SAN JOSE -- One hour and six minutes after the final seconds ticked off the clock, after the buzzer had sounded and the equipment had been thrown into the air, three men stood arm-in-arm by the boards. Behind them were the yellow-clad Pittsburgh Penguins fans chanting the moniker by which they had suddenly risen to fame as a trio: "HBK! HBK! HBK!"
They posed for photos, surrounded by family. They smiled. And then they embraced, all three in a tight circle of joy.

The redemption was complete for Phil Kessel. He had shed the criticism and doubt, the questions and the failures, the boos in multiple cities. He had shrugged off the trades out of Boston and out of Toronto, the slights and the accusations. He had found his place, finally. He was the "K" in "HBK," alongside Carl Hagelin and Nick Bonino, and now he was a Stanley Cup champion.
"Yeah," he said, emotion creeping in after the Penguins' 3-1 victory against the San Jose Sharks in Game 6 of the Stanley Cup Final. "It's been a journey."
And, sometimes, one year can change everything.

"I couldn't be happier for him," Penguins coach Mike Sullivan said. "Phil's a misunderstood guy. He's a guy that really doesn't love the limelight. He's a reserved guy. Just wants to go to the rink, hang out with his teammates. He's a tremendous hockey player.
"We pushed him like we did all of our players to try to get him to grow his game in areas where we thought he could improve in helping our team win. And Phil responded. He responded the right way. He gets a lot of criticism. Sometimes I think he's not deserving (of it).
"He's a tremendous player. He had an unbelievable postseason for us. And we don't win a Stanley Cup if he's not part of this group."
So, yes, the narrative is different now. The story has changed. And yet, as Kessel said, "I've never changed my game. Obviously, I'm the same guy that I've always been. I just go out there and I try my best. Obviously, this year worked out pretty well."
He finished the Stanley Cup Playoffs with the fourth-most points of anyone, the only one of the top five who didn't play for the Sharks. Kessel, a leading candidate for the Conn Smythe Trophy that went to Sidney Crosby, scored 10 goals and had 12 assists in 24 postseason games, as the creation and dominance of his line allowed the Penguins to create matchup nightmares for all of their opponents.
"We all played for each other," Kessel said of his line, which combined for 20 goals and 36 assists. "We knew where each other was going to be. We just found a way."
And in that, in that performance and his performance this season with his third team in a decade in the NHL, Kessel has found the admiration and respect that it was not always assured he would find.
It started with the July 1 trade that brought him to Pittsburgh, with the Toronto Maple Leafs ridding themselves of a player who hadn't quite fit with the team or the city. The Maple Leafs shipped off a player who had scored 25 goals last season and 37 the season before.
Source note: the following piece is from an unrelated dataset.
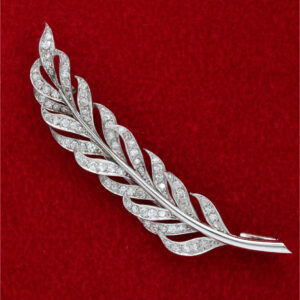 SPILLA PIUMA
The Maple Leafs had given up on Kessel. They were rebuilding and they were not going to rebuild with him. It simply hadn't worked, with too much focus and too much pressure surrounding a player who did not seem to thrive under those conditions.
Pittsburgh was more comfortable. Pittsburgh, it seemed, was right.
Kessel continued to produce, not at his highest rates, but at rates that worked for the Penguins; he had 26 goals and 33 assists in the regular season before becoming a machine in the playoffs. His acquisition was lauded Sunday by Penguins owner Mario Lemieux, in words about his general manager, Jim Rutherford.
As Lemieux said, "[Rutherford] deserves a lot of the credit, starting with the Phil Kessel trade. That was a big piece. You saw how he played in the playoffs, just an amazing competitor."
This was something Kessel had only dreamed of last summer, something he could not have predicted, something he could barely describe. It was, he said, an "unbelievable feeling." He was handed the Cup by defenseman Kris Letang, pumping it up and down, and then skating with it and letting out some yelps while his teammates celebrated his triumph.
"I mean, how can you ask for anything better than this?" Kessel said. "Winning the Cup is what you dream of and what you play for."

And it was something that was on the agenda nearly as soon as the trade was completed. On that same day, on July 1, Kessel received a call from his new captain. Sidney Crosby reached out to him, extending a hand to a new teammate and making a promise.
As Kessel recalled it Sunday, Crosby said they were excited to have him -- "'We're going to try and win a Cup.' -- And we got it done."
So, he was asked, is there redemption for you? Has this changed everything?
"I'm a Stanley Cup winner now," Kessel said. "It's pretty special."